Since then there hasn't been one particular writing style I have necessarily gravitated towards - I have attempted everything from penning lyrics intended for a band I wanted to start (but never did) to writing screenplays meant for films that I one day hoped to direct (also never happened). A little later on, I shifted gears slightly by moving onto writing reviews, op-ed pieces and feature articles for online music magazines and music blogs.
Overall, the single piece of writing I've probably dedicated to most of my time is a yet-to-be completed novel titled "All Round Down" which is something I try and work on whenever I get the chance. As anyone with even a remote interest in long-form writing can attest to, attempting to complete a novel can be frustrating, to put it mildly. It definitely requires more patience than I thought I was capable of, that's for sure. At the same time, it has also proven to be an interesting, educational, and ultimately fulfilling experience. Even if nothing comes of it when all is said and done, just finishing the damn thing will be an achievement all on its own.
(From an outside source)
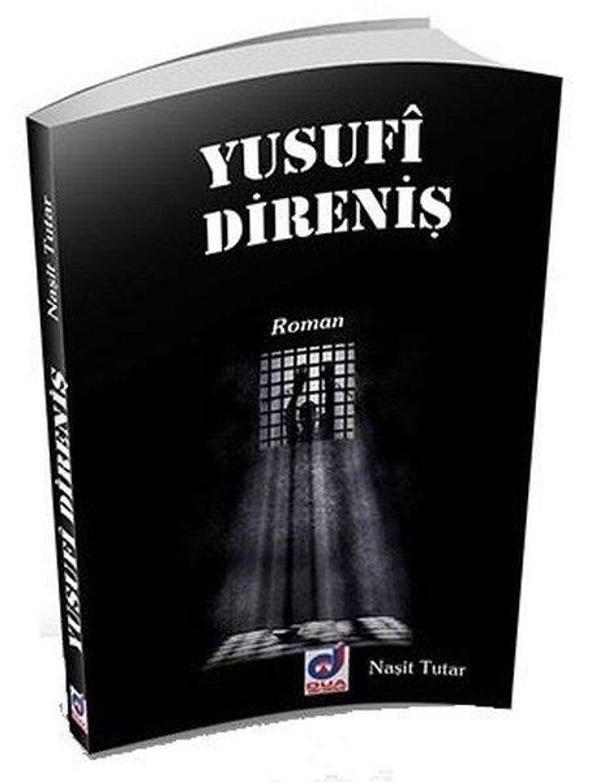 Yusufi Direniş - Dua Yayıncılık - Image 1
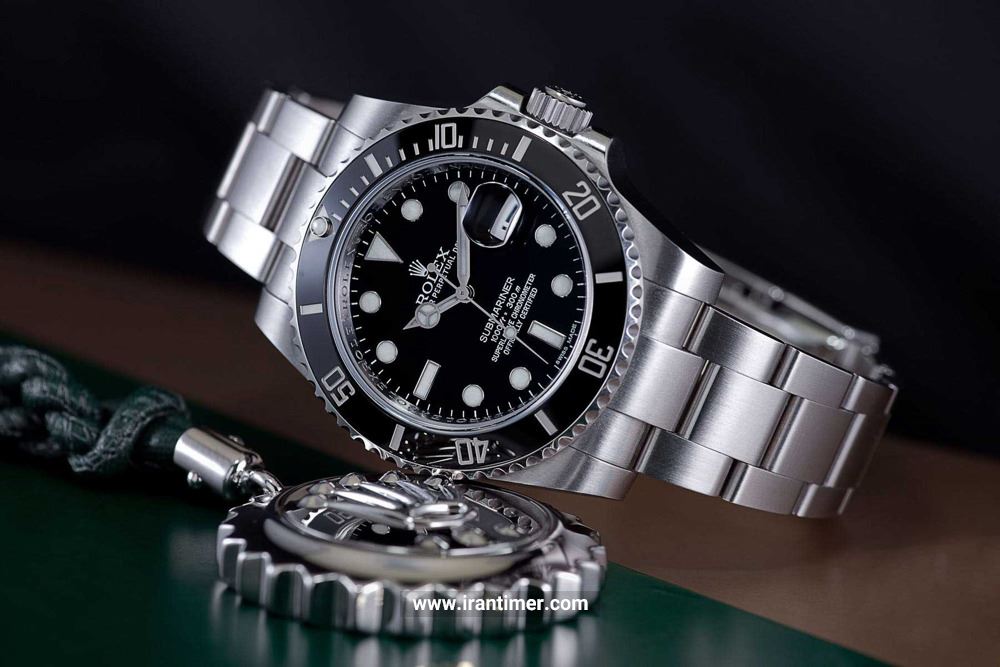 خرید اینترنتی ساعت رولکس buy rolex watches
What is your favourite piece of literature of all time and why? ~ Now that is an extremely difficult question to answer! When it comes to my reading habits, there isn't really a particular genre or style of writing I prefer over another. I love reading everything from novels to biographies of musicians I adore to graphic novels to the short stories of George Saunders. Hell, when the mood is right I might even go hunt down a random book of poetry.
In terms of writers, I have many of the same influences practically anyone else who is asked this question has. Jack Kerouac is definitely one for sure, though naming Kerouac as a literary hero feels like such a cliché at this point in time. Who hasn't that guy influenced?
I have also always had a strong love and respect for pretty much every word Bret Easton Ellis has committed to the page. For my money, Ellis is an A-grade satirist who never fails to produce interesting and challenging work. His novel Glamorama is, for me, one of the most underrated pieces of literature of the last twenty years. Brutal, brilliant and so completely ahead of its time it's insane.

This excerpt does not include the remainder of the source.